The Somm Journal
Mijenta
Mijenta

The Crying Winds 

ACCOUNTING FOR THE TERROIR-DRIVEN CHARACTER OF SANTA LUCIA HIGHLANDS PINOT NOIR  

story and by Randy Caparoso 

“And the wind,” Jimi Hendrix famously sang, “cries Mary.” I’ve never figured out exactly what that song was about—in college during the 1970s, I got off on wine, not substances—but this I knew: You could feel every Hendrix song, like electricity jolting every nerve. 

When The SOMM Journal began bringing sommeliers on field trips to the Santa Lucia Highlands, I think every participant knew all too well the almost jarring impact of the region’s Pinot Noirs. These wines can only be described as extraordinarily extravagant in both fruit character and acidity, yet they’re amazingly well-balanced despite invariably high levels of alcohol typically in the 14% range. 

But to fully understand the phenomena in the glass, a sommelier must first step onto the slopes of the Santa Lucia Highlands AVA itself. Once you do, you can clearly see you are on a bench looking eastward, down upon the flats of Salinas Valley and toward the jagged peaks of the Pinnacles on the opposite side. The slopes are not atypically high—starting at an elevation of 200 feet above sea level and reaching 1,200 at the highest points—but the differences in aspect and soil (rocky or sandy loams as opposed to deep clay alluviums) are stark enough to explain why the cultivation of concentrated wine grapes, as opposed to vegetables, is favorable to this part of Monterey County. 

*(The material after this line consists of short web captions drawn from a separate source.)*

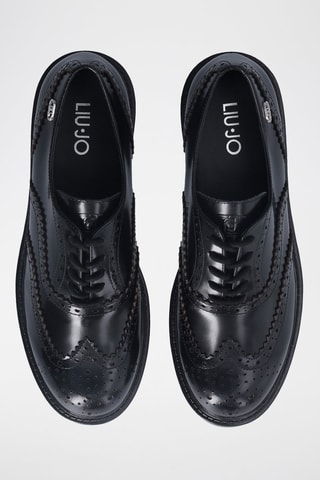 Richelieus vernis en cuir Elisa - Doré et noir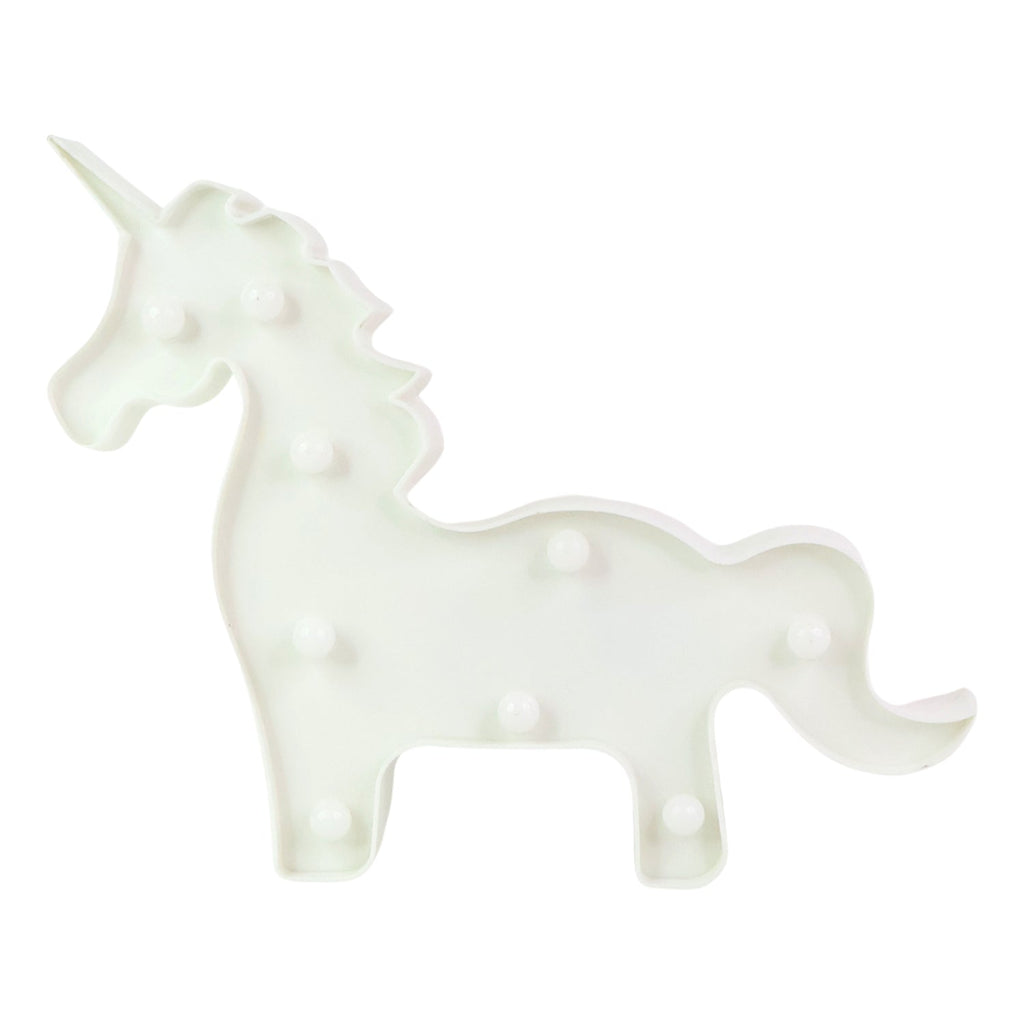 Close up of LED unicorn decorative night light with pink design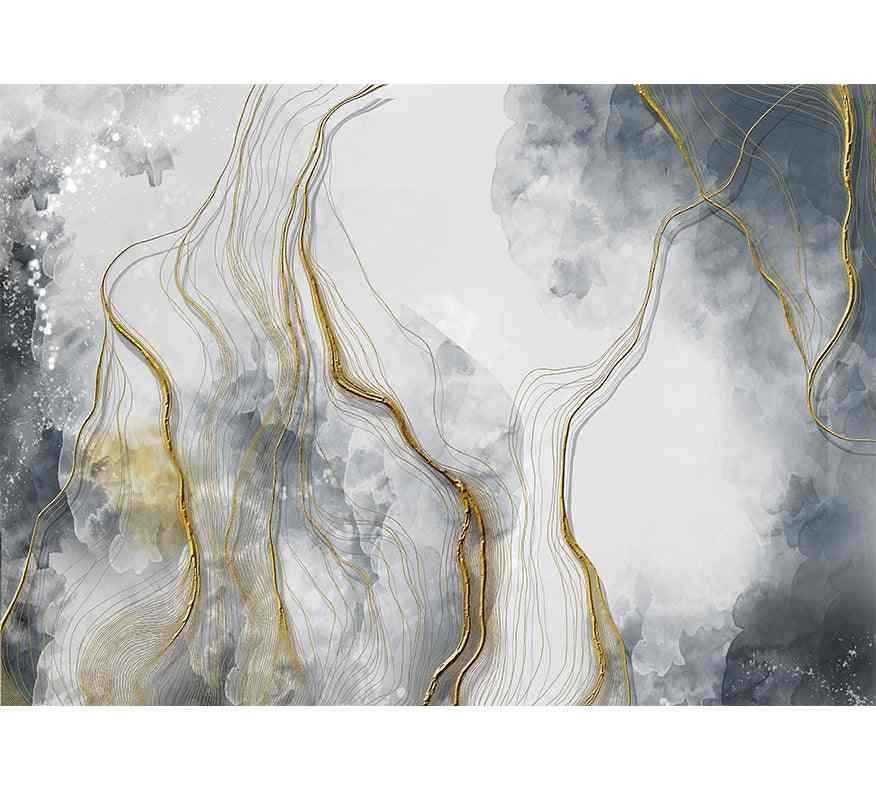 Papier Peint Gold & grey Marble - Morowall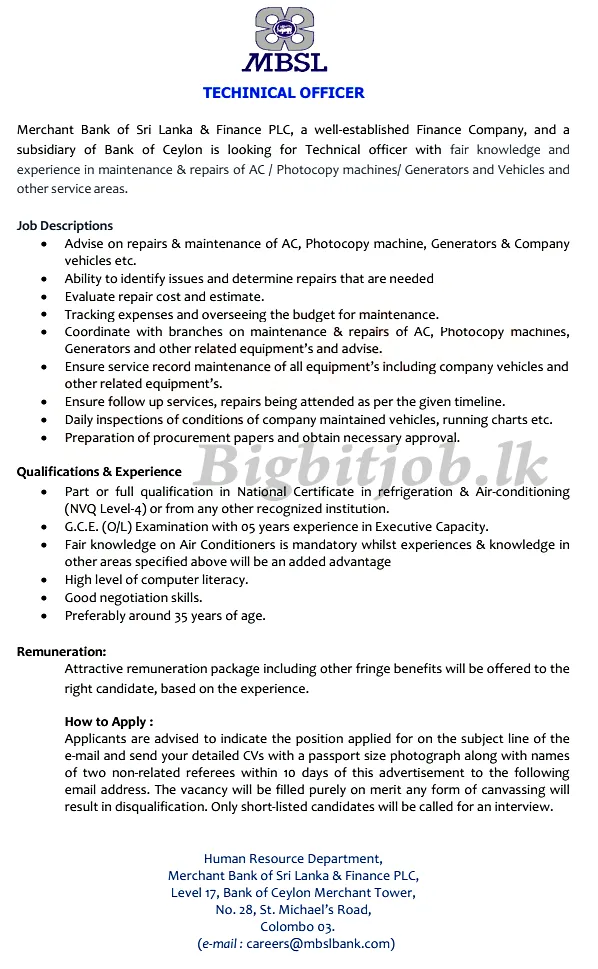 MBSL Bank Job Vacancies - Technical Officer 2023, bigbitjob, big bit job lk, sri lanka job vacancies 2023
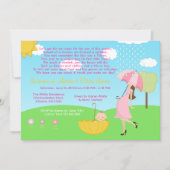 かわいくモダンなお母さんおよび女の赤ちゃんのベビーは振りかけます 招待状 (正面)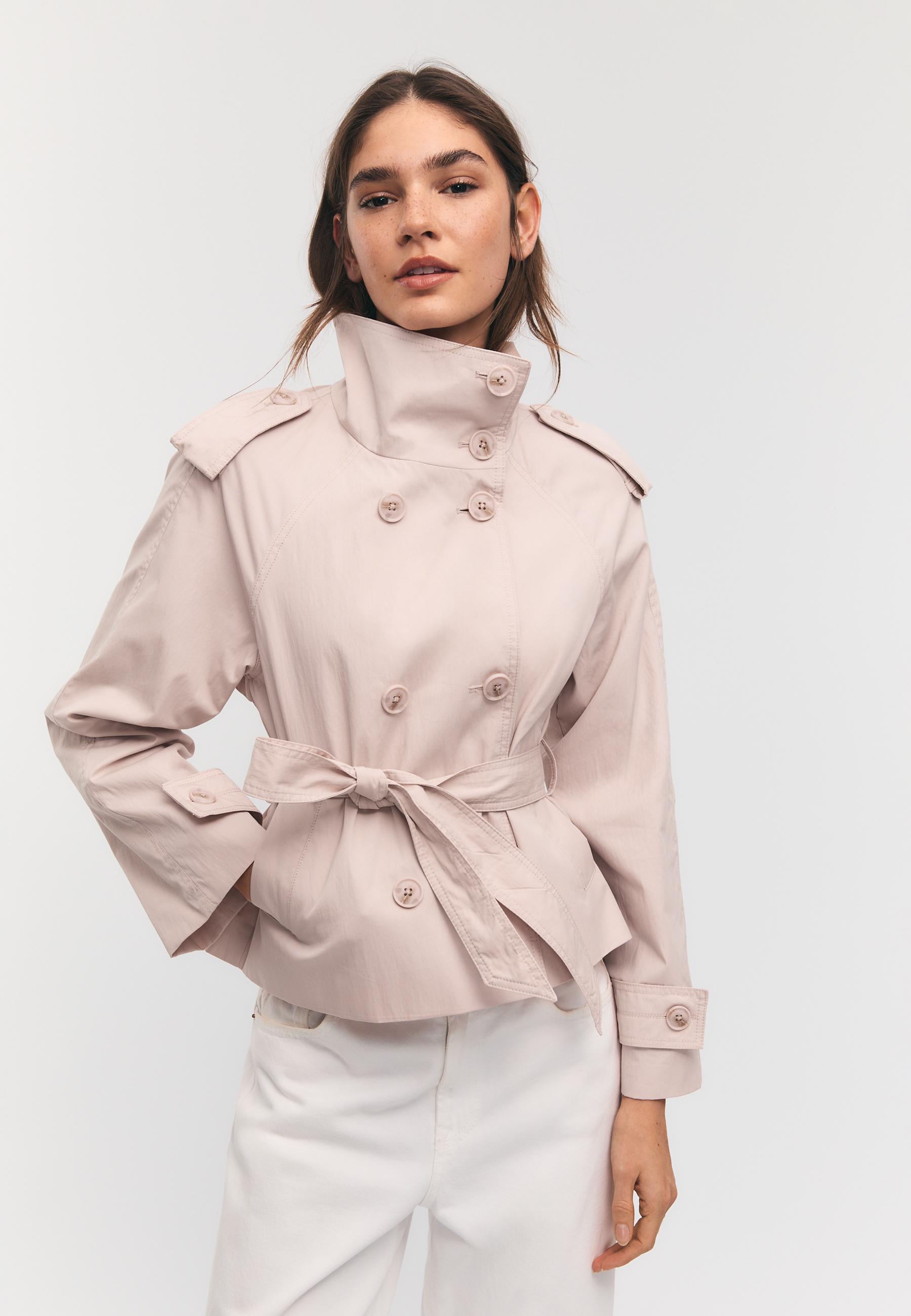 High-neck trench coat with belt — Salmon pink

Then there is the wind—the whistling, howling, physically violent wind—that kicks up daily by mid-afternoon as it pushes down from the deep, cold waters of Monterey Bay. It then ventures northward toward the hotter pockets of Paso Robles to the south, not unlike a theater crowd racing to the exits after someone hollers, “Fire!” Everyone here cusses at the wind,” says Joe Alarid, Owner/Grower of Santa Lucia Highlands’ Tondre Grapefield, “but we wouldn’t be able to grow grapes like this without it.” 

High winds and marine air account for the AVA’s cold-climate viticulture (ranking it as a Region I on the Winkler Scale), but these factors also explain a particular Pinot Noir structure. With limitations posed on active photosynthesis, growing seasons in the region are typically a good 120 days, rather than the usual 100 days experienced practically everywhere else in the world. Grape skins thickened by wind result in higher phenolics—hence, deeper flavors—and during harvest, it’s a matter of waiting for acids to drop to acceptable levels rather than waiting for sugars to rise. 

In short, this explains the deliriously-rich, billowing aromas—as well as the full-scaled, acid-driven structure—of Santa Lucia Highlands Pinot Noir. Not only that, it also accounts for the intense, distinctly-mineral, and citrus-imbued Chardonnays of the region; Chardonnay, in fact, is typically picked several weeks after Pinot Noir in the Santa Lucia Highlands. This longer hang-time produces deeper, European-style wines.  

In the classic manner of speaking, this is terroir at its best and most distinctive: There is, like a “Mary,” nothing else in the world like a Santa Lucia Highlands wine.